Słuchajcie, słuchajcie! Objąłem patronat medialny nad konkursem na „ptasią” piosenkę poetycką. Nie bardzo wiem, co to takiego patron medialny, ale chyba coś w rodzaju anioła stróża. Co by jednak to nie było, samą ideę popieram, bo służy popularyzacji sprawy ptasiej między człowiekami. Czyli dokładnie temu, czemu służy mój blog.
Zachęcam, żeby na konkurs przysyłać piosenki o wędrówkach ptaków i o wszystkim, co się z tym pozytywnie kojarzy: o wolności, tęsknocie za ojczyzną, no i oczywiście o ptasiej błyskotliwej inteligencji.
Tekst: dr Jarosław K. Nowakowski
2+
Z tą inteligencją to różnie bywa, weźmy na przykład takie kury.
Muszę wziąć kury w obronę. Nic one nie są winne, że umysły mają niezbyt lotne.
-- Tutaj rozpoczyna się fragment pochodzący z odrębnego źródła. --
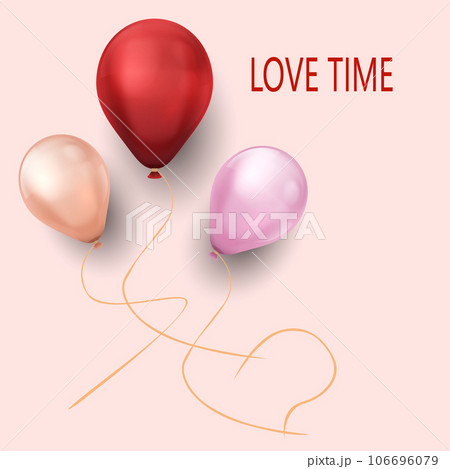 Realistic colorful balloons. Love time card. Red beige and pink bubbles, holiday gift. Party decorative element. Romantic poster template. 3d isolated design elements. Vector illustration 106696079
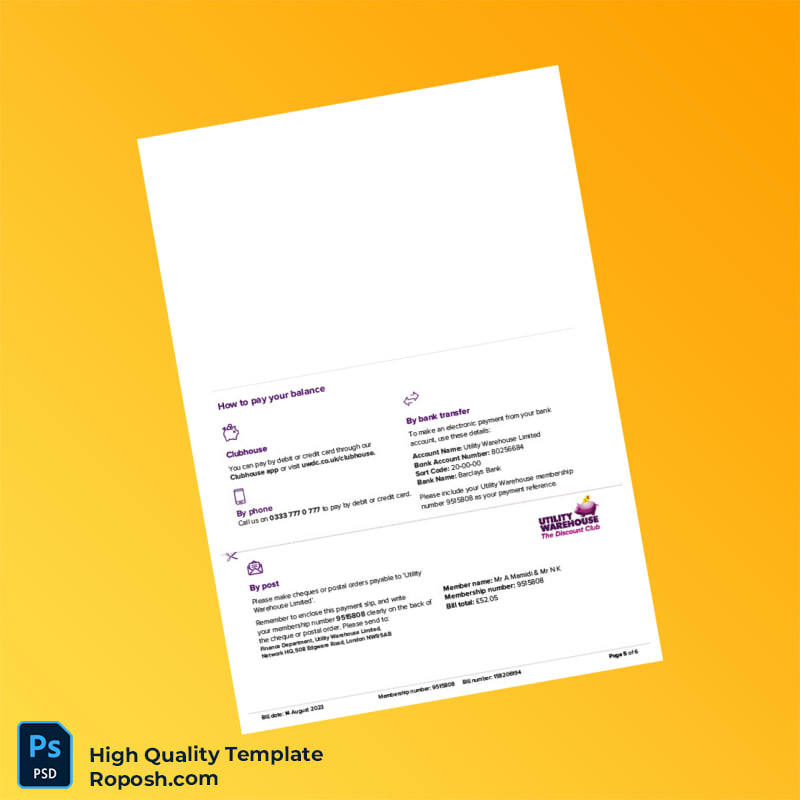 UK Utility Warehouse Ltd Editable Energy Bill Template in Word and PDF formats 6 page UK Utility Warehouse Ltd Editable Energy Bill Template in Word and PDF formats 6 page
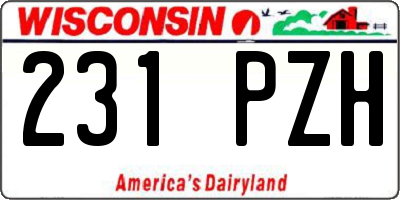 WI license plate 231PZH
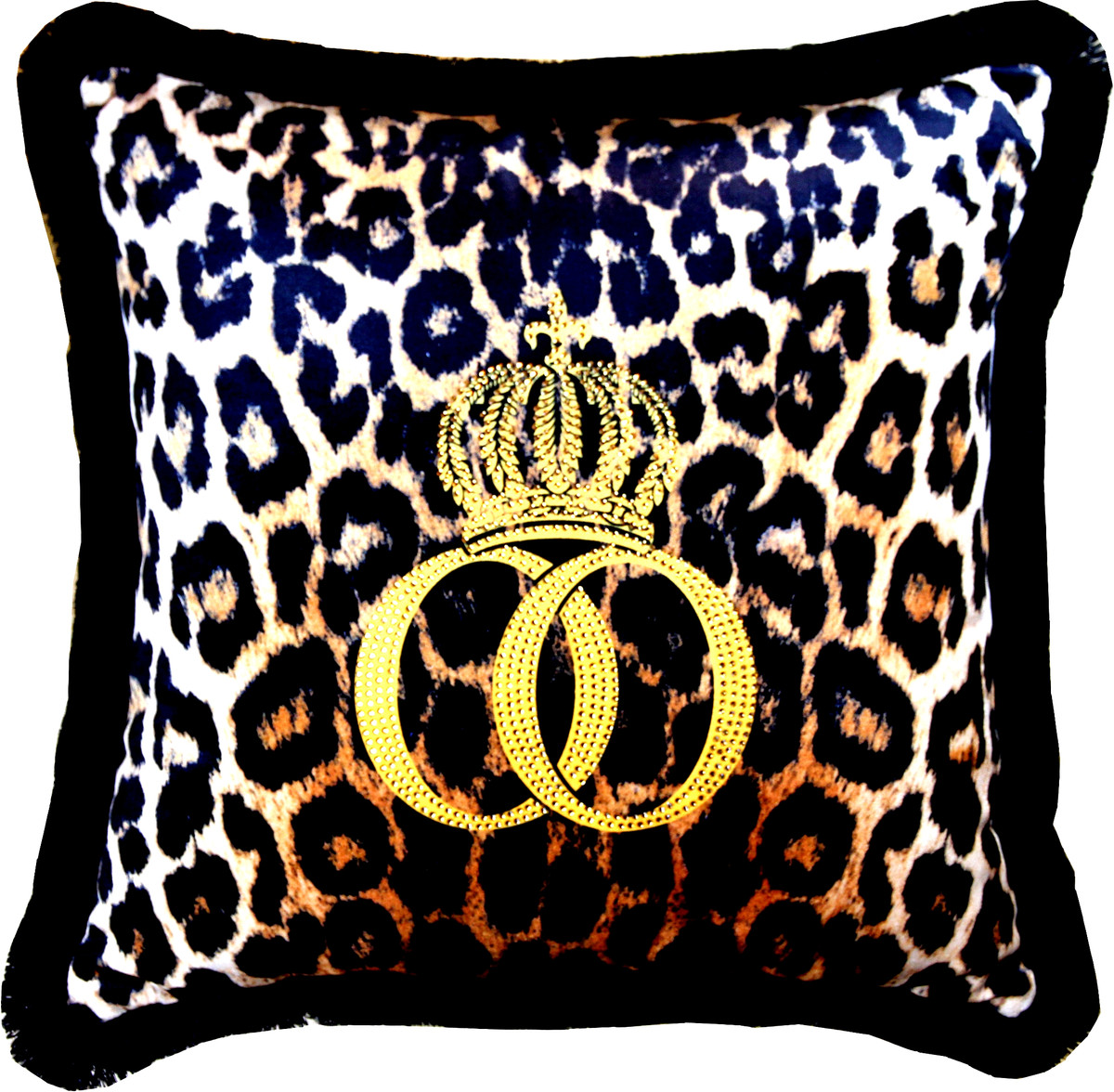 Harald Glööckler Luxus Deko Kissen Pompöös by Casa Padrino Krone Deluxe Leo mit Strass Steinen Schwarz / Orange / Gold - Feinster Samtstoff - Glööckler Kissen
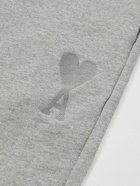 AMI PARIS - Logo-Embroidered Organic Cotton-Jersey Sweatpants - Gray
To wina człowieków, którzy stworzyli te biedne zniewolone stworzenia tak, żeby stały się fizycznymi i umysłowymi nielotami. Przez tysiące lat hodowli stawiali raczej na powiększanie jaj, a nie powiększenie mózgów.
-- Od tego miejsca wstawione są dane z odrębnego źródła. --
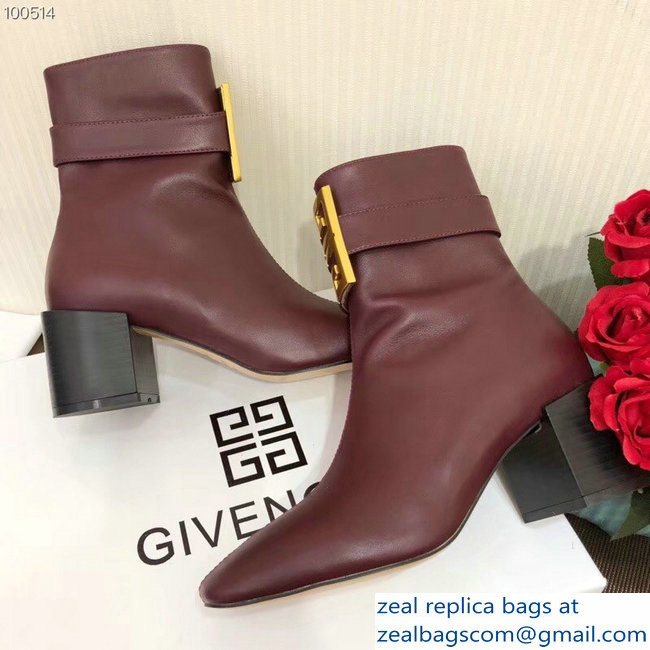 Givenchy Heel 5cm 4G Square-Toe Ankle Boots Burgundy 2018 - Click Image to Close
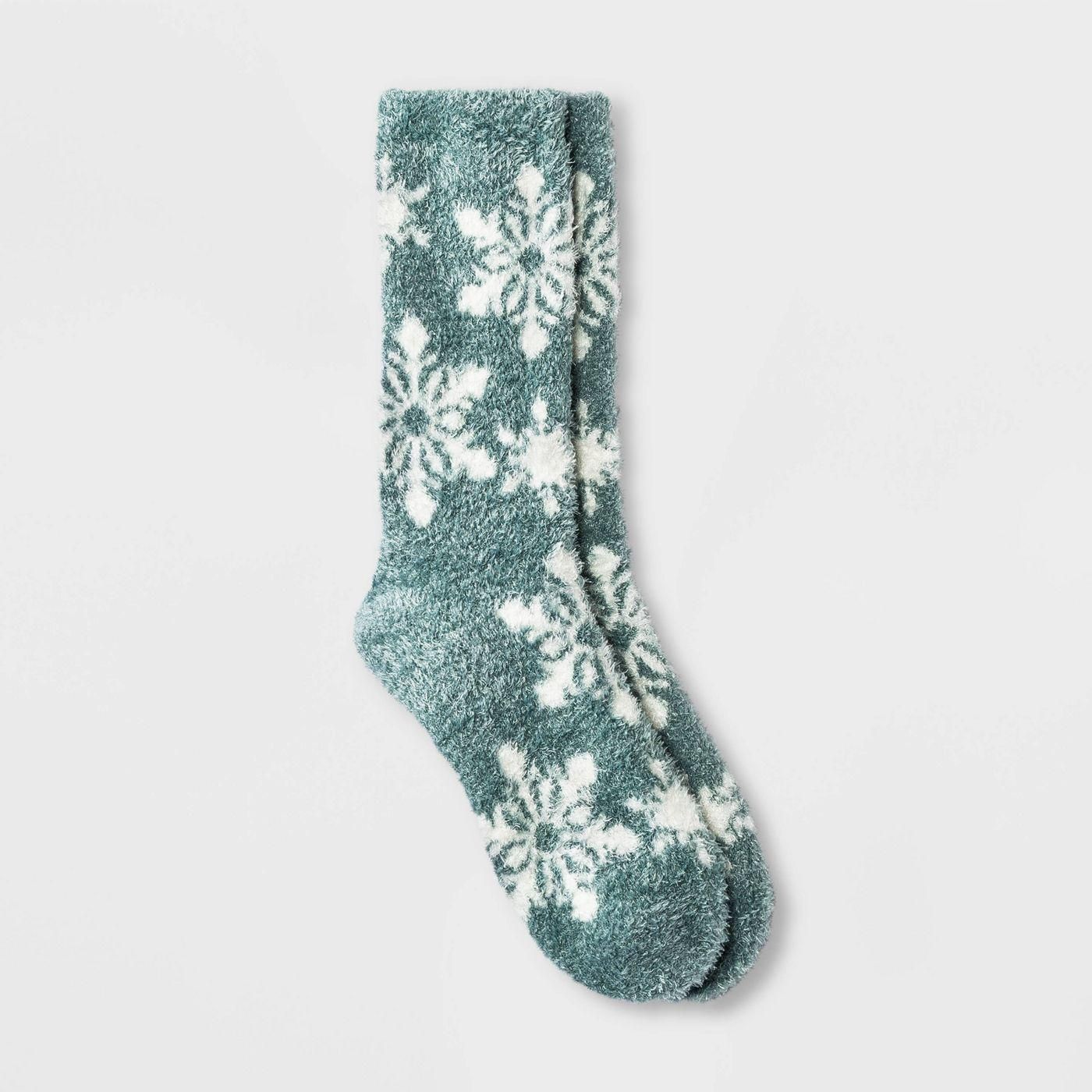 Snowflake Crew fuzzy socks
Srać na kury, Remus myślał o mnie i moich osiągnięciach w dziedzinie koncepcji kupra transcendentnego jako wyrazu stoickiego podejścia do świata.
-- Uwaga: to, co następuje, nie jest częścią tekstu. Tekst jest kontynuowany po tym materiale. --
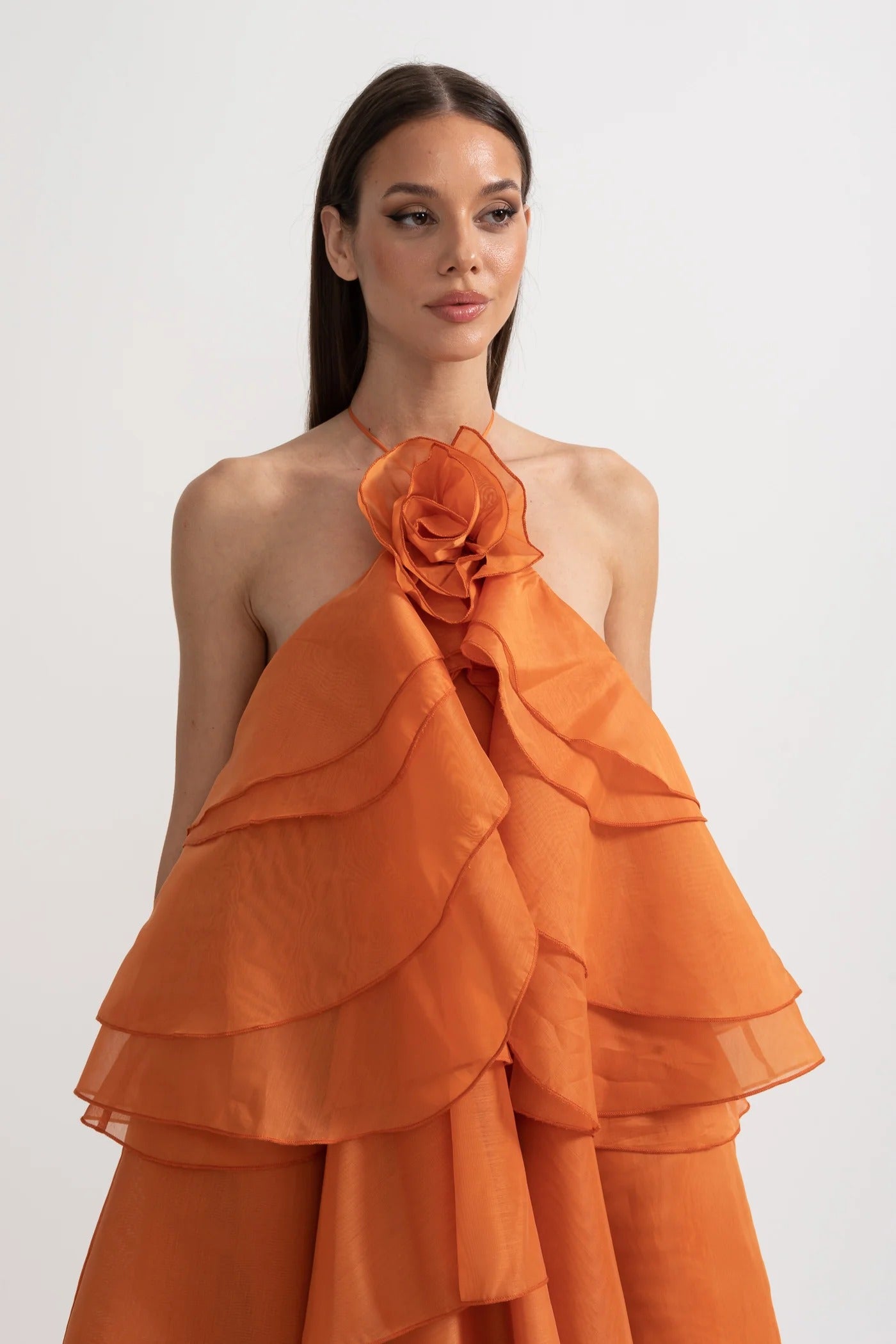 Tiered Halter Maxi Dress With Open Back - Orange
Jak nie wiesz, Remus, to nie pisz, tylko do netu zajrzyj. Anioł stróż to pojęcie metafizyczne z dziedziny ochrony osobistej. Patronat medialny za to jest pojęciem ze styku biznesu i działań Public Relations (inaczej PR lub pijar). Zdefiniowałbym to tak: jest to rodzaj sponsoringu polegającego na dwustronnej wymianie treści promocyjnych między podmiotem z sektora mass mediów a organizatorem wydarzenia w przestrzeni społecznej. Przedstawienie w tym kontekście buduje pozytywny wizerunek obu kooperujących partnerów, będąc elementem ich strategii PR.
Nie chciałbym wyjść na durnia, ale kto to jest ten Public Relation i jak on działa?
Remus, osłabiasz mnie! Nie kto, tylko co. Krótko mówiąc, działania pijar to imagistyka społeczna.
No i wszystko jasne. Wróbel, jesteś wspaniały! Swoją drogą nie wiem, jak mogłam się nabrać na imagistykę Remusa.